Güvenilir bir VPN hizmeti, özel bilgilerinizi ve çevrimiçi etkinliklerinizi anonim tutacaktır. Seçtiğiniz bir konumdaki bir sunucuyu seçebilme özelliği aynı zamanda Netflix, DisneyPlus, HBOMax ve daha fazlası gibi coğrafi olarak kısıtlanmış hizmetlere erişmenizi sağlayarak interneti nasıl ve nerede kullanacağınız konusunda size daha fazla özgürlük tanır.
Bir VPN’nin Çevrimiçi Güvenlik Avantajları
1. Genel Wi-Fi’de Güvenlik
Herkese açık Wi-Fi kullanmak uygundur, ancak gizliliğinizden ödün verir. Belki de yerel kafede e-postanızı kontrol ederken veya havalimanı terminalinde beklerken sosyal medya beslemelerinizde düşüncesizce gezinirken biri sizi izliyordur.
Sanal özel ağ (VPN) kullandığınızda, verilerinizi genel ağlardaki meraklı gözlerden koruyabilirsiniz. Buna göz atma geçmişiniz, finansal verileriniz, şifreleriniz ve daha fazlası dahildir.
2. ISS’nizden Gizlilik
Evdeki Wi-Fi ağınızı kullanmak, potansiyel olarak bilgisayar korsanları tarafından saldırıya uğrayabileceğiniz halka açık bir yerde kullanmaktan daha güvenlidir. Yine de verileriniz için bir risk var.
Başka bir deyişle, internet servis sağlayıcınız çevrimiçi yaptığınız her şeye erişebilir. ISS’nizin tarama alışkanlıklarınızı izlemesi ve günlüklerinizi tutması mümkündür. Bu bilgiler yanlış ellerde potansiyel olarak tehlikelidir ve “özel” tarama modunu kullanırken bile toplanabilir, bu yüzden dikkatli olun. Bir VPN kullanarak IP adresinizi ISS’nizden gizleyebilirsiniz.
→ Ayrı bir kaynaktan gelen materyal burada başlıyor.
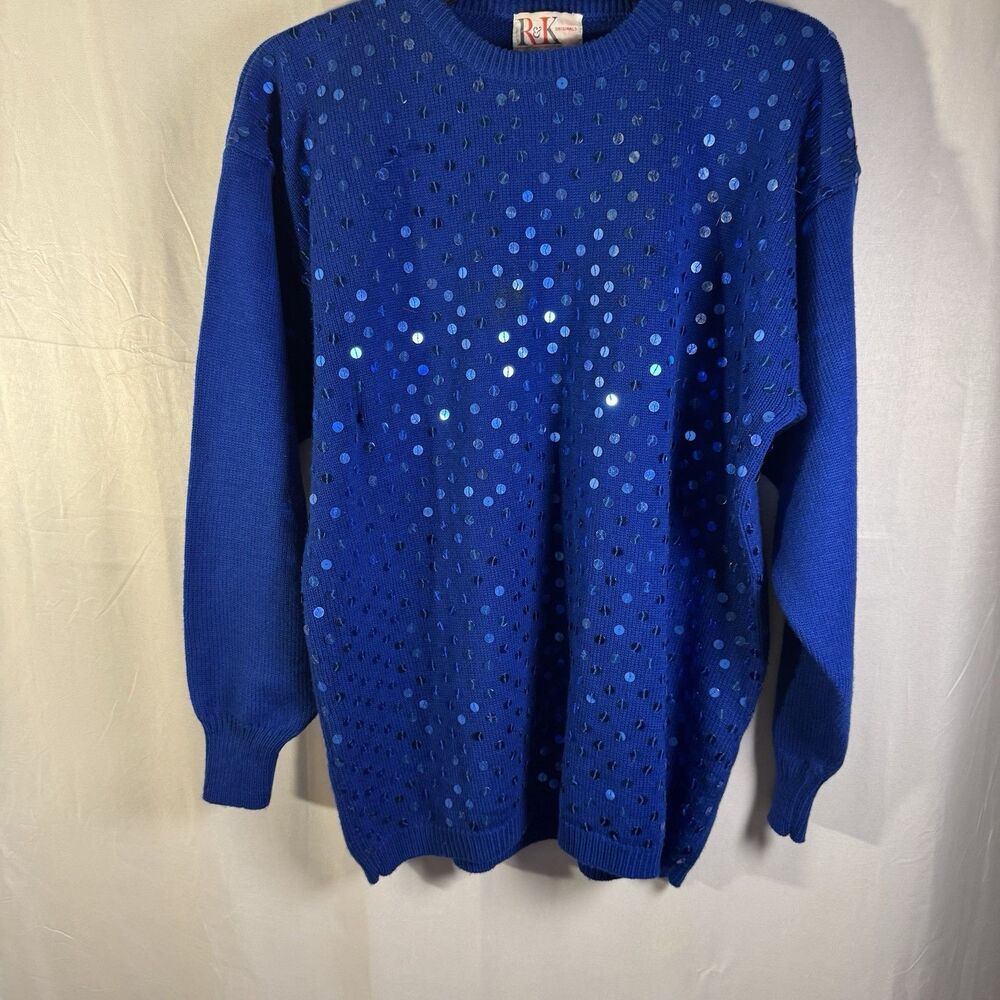R&K Originals Blue Sequin Vintage Sweater Women’s Medium Party Retro Glam 80's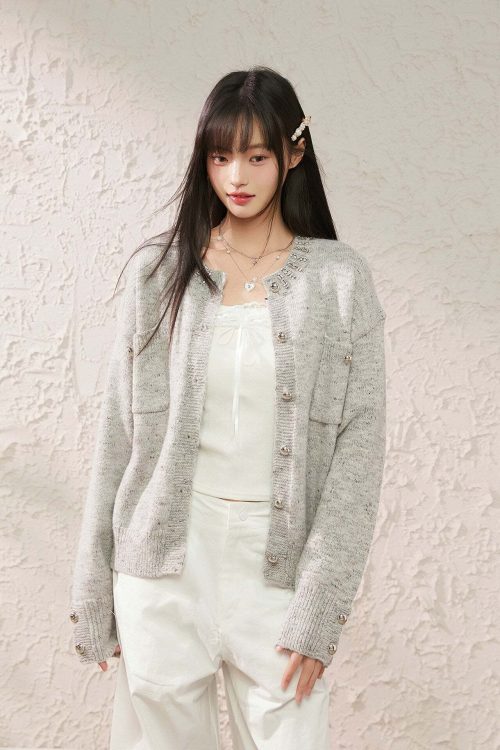 Speckled Rhinestone Knit Cardigan / Rhinestone Flash Jeans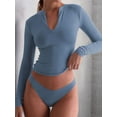 thumbnail image 3 of Quarter Zip V Neck Long Sleeve Cropped Top Going Out Tops for Womens Fall Fashion 2025 Gray Blue M, 3 of 6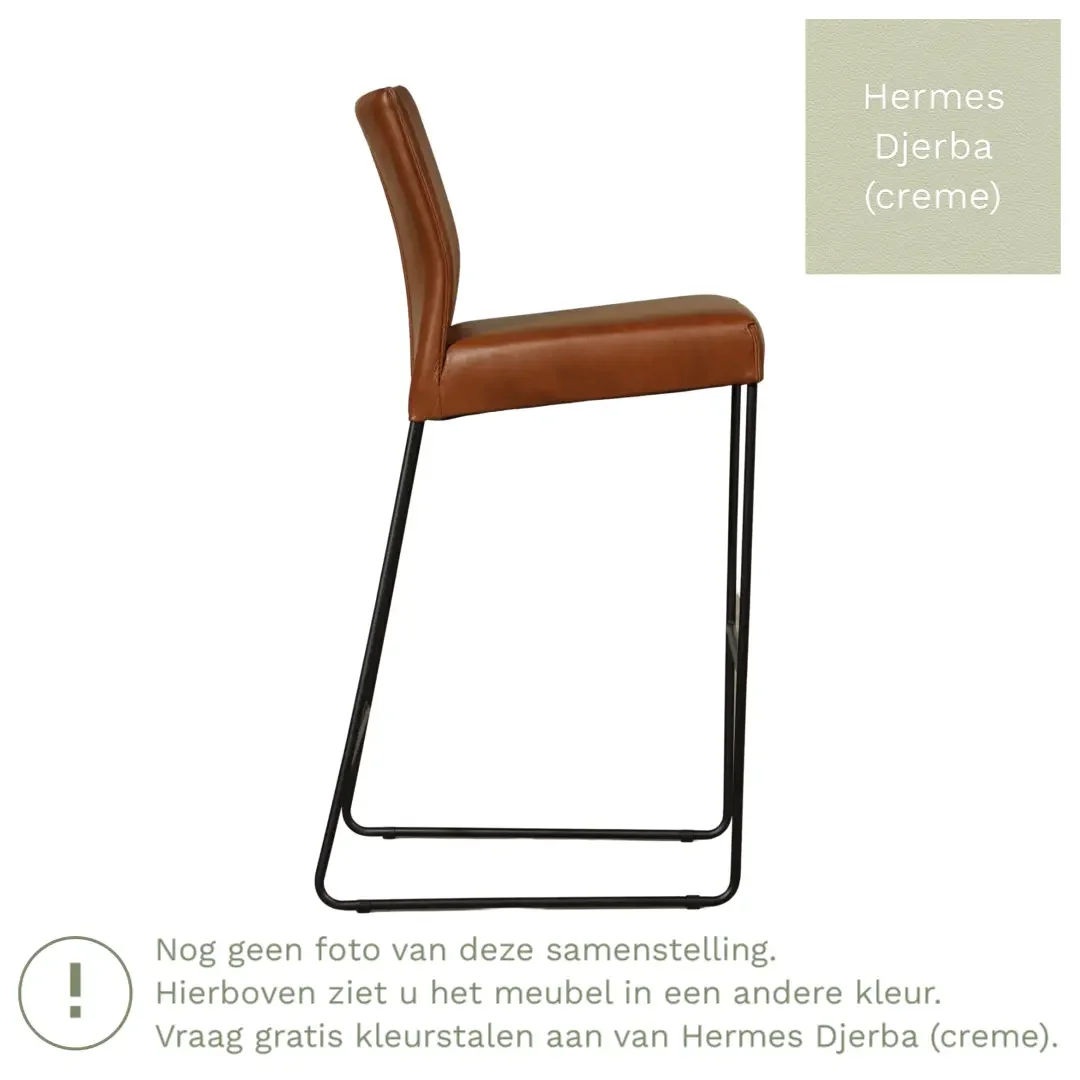 afbeelding van Leren barkruk Mate hoog - Hermes Djerba (crème)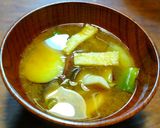 さつまいも、エリンギ、長葱のお味噌汁作り方5写真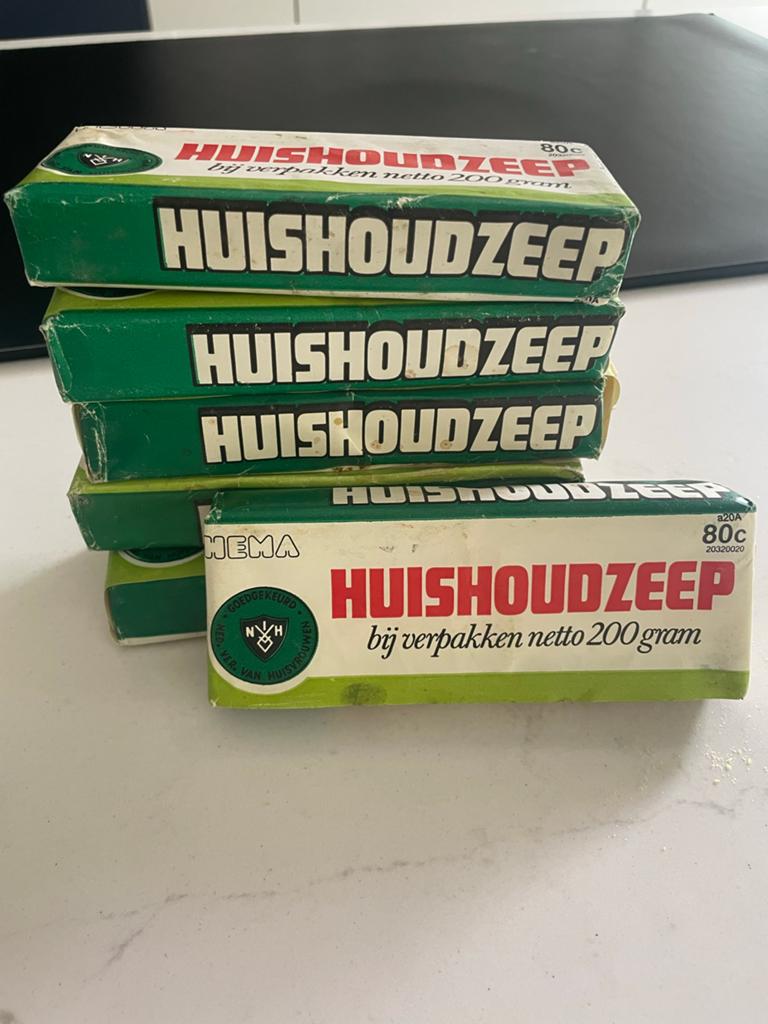 Vintage HEMA Huishoudzeep - 200 gram, Huis en Inrichting, Schoonmaakartikelen, Ophalen, Schoonmaakmiddel
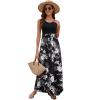 Sherosa Women's Cotton Jersey Sleeveless Swim Cover-Up Maxi Dress(Black White Floral,Large) view 2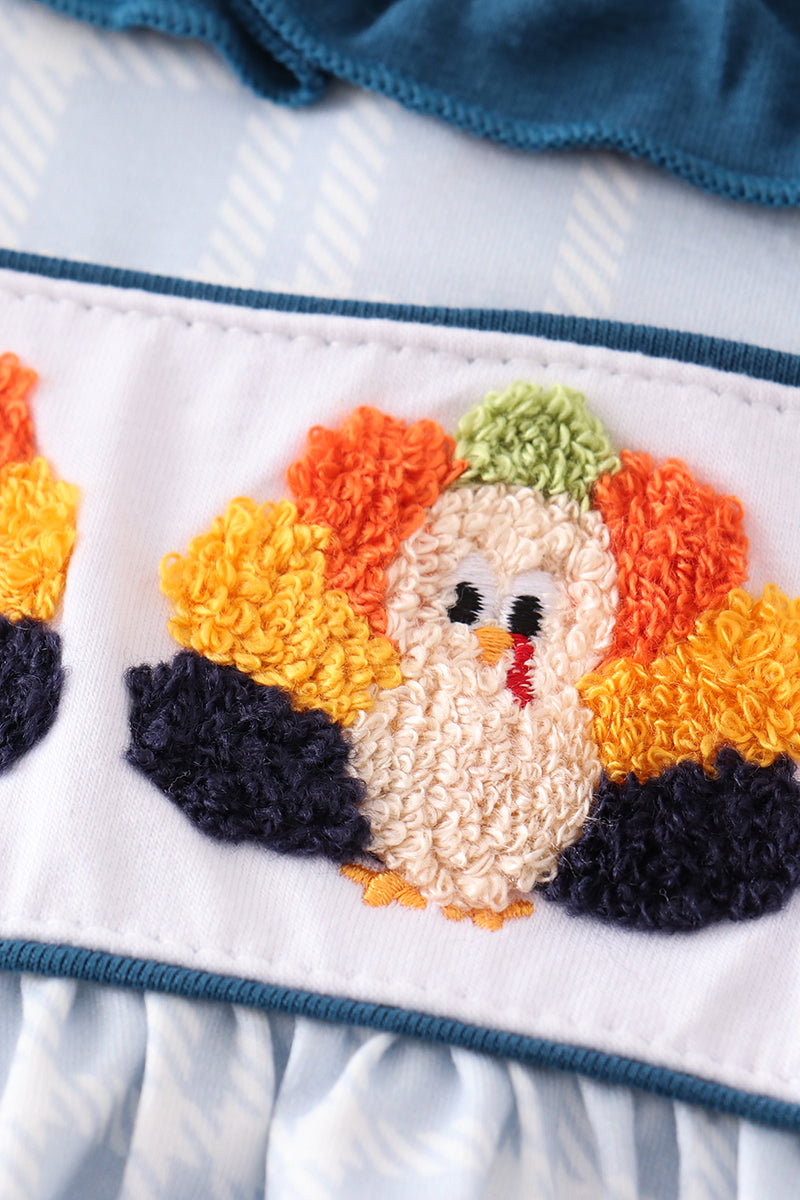 Blue thanksgiving turkey french knot girl set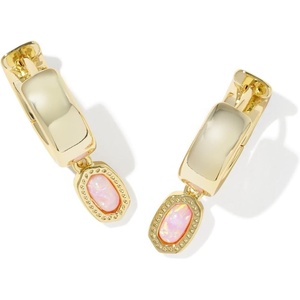 Kendra Scott Mini Ellie Wide Huggie, Fashion Jewelry for Women(Gold – Light Pink Lab Opal)
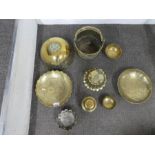 9 Pieces Oriental pieces of brassware, some Chinese examples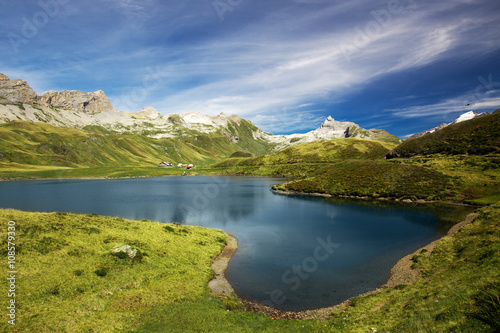 View to Tannesee and Swiss Alps panorama from Melchsee Frutt, Switzerland, Europe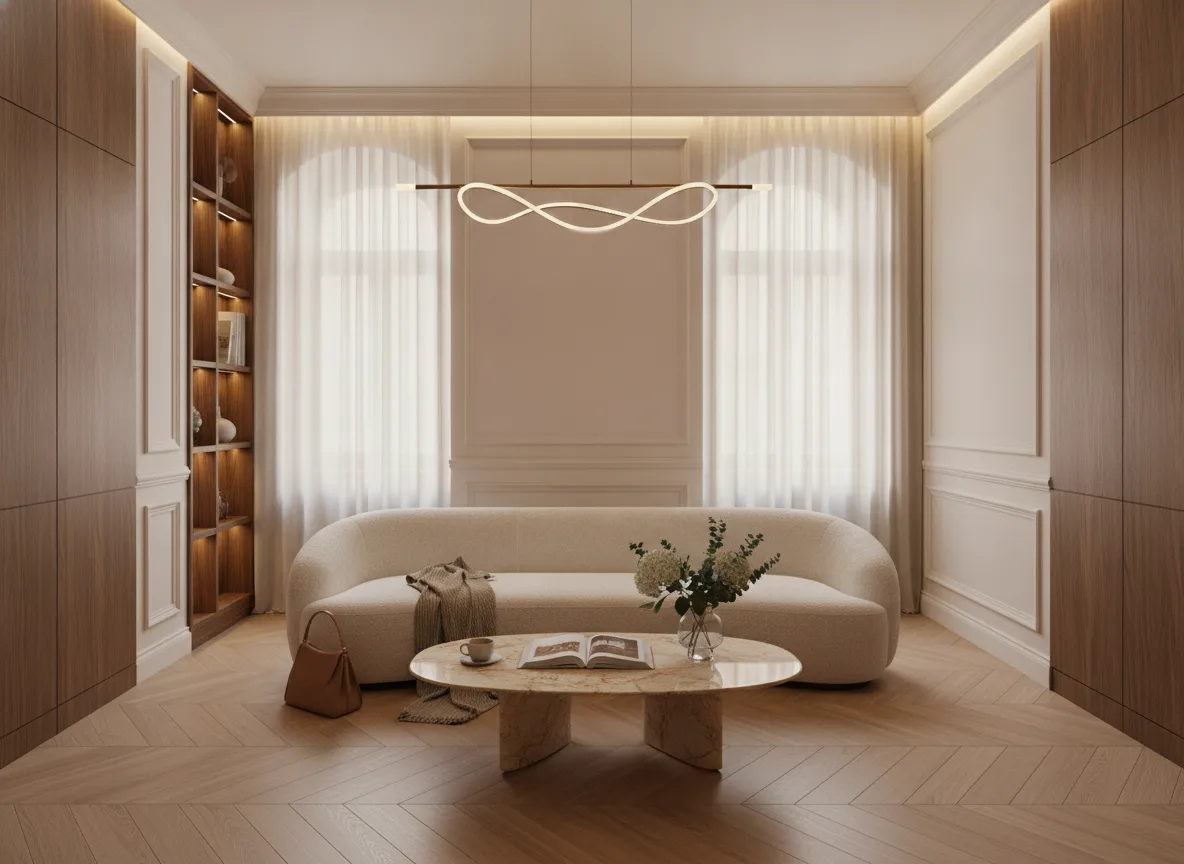 Minimalistyczna — Salon w kamienicy — kwatera między oknami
Kendinizi ISS’nizden korumak için bir VPN seçtiğinizde, sizi gözetleyen bir VPN sağlayıcısına güvenemeyeceğiniz için günlük kaydı olmayan bir VPN seçtiğinizden emin olun.
3. Uygulamalarınızdan ve Hizmetlerinizden Gizlilik
İnternet servis sağlayıcınızın (ISS) oluşturduğunun ötesinde riskler vardır. Facebook da dahil olmak üzere en popüler uygulamaların ve web sitelerinin çoğunun, şüpheli kullanıcı verilerini ele almaları nedeniyle ateş altında kalması talihsiz bir durumdur.
Bir VPN kullandığınızda uygulamalar ve web siteleri etkinliğinizi izleyemez. Konumunuz ve tarama geçmişiniz de sınırlı olabilir.
4. Devlet Kurumlarından Gizlilik
Birçok internet servis sağlayıcısı (İSS), uygulama ve internet veri merkezi, kullanıcıların tarama verilerini hükümetlere satmadıklarını iddia ediyor; bununla birlikte, bu veriler ABD’de bile hala hükümetin eline geçmektedir.
5. Uzaktan Çalışma İçin Çevrimiçi Güvenlik
Verileri şifrelemek için bir VPN yeteneği bir avantajdır. Hassas bilgileri okunamaz bir koda dönüştürerek gizlemek için şifreleme kullanın.
Şirketiniz için bir VPN’e yatırım yapmanın bir avantajı, çalışanların şirket verilerine evden veya hareket halindeyken erişmesine izin vermesidir. Pandemi bittiğinde evden çalışmak hala bir seçenek olabileceğinden, hassas verileri korumak için bir VPN’e yatırım yapmak iyi bir fikirdir.
Kötü Amaçlı Yazılım Nedir?
“Kötü amaçlı yazılım” terimi, bir bilgisayar sistemine zarar vermek üzere tasarlanmış herhangi bir yazılım veya dosyayı ifade eder. Dolandırıcılar ve bilgisayar korsanları, cihazınızdaki özellikleri devre dışı bırakmak, bilgi çalmak vb. için bunu kullanır.
Etkinliğinizi gözetlemek ve şifreler ve bankacılık bilgileri gibi kişisel bilgileri geri göndermek için cihazınıza kötü amaçlı yazılım enjekte edilebilir.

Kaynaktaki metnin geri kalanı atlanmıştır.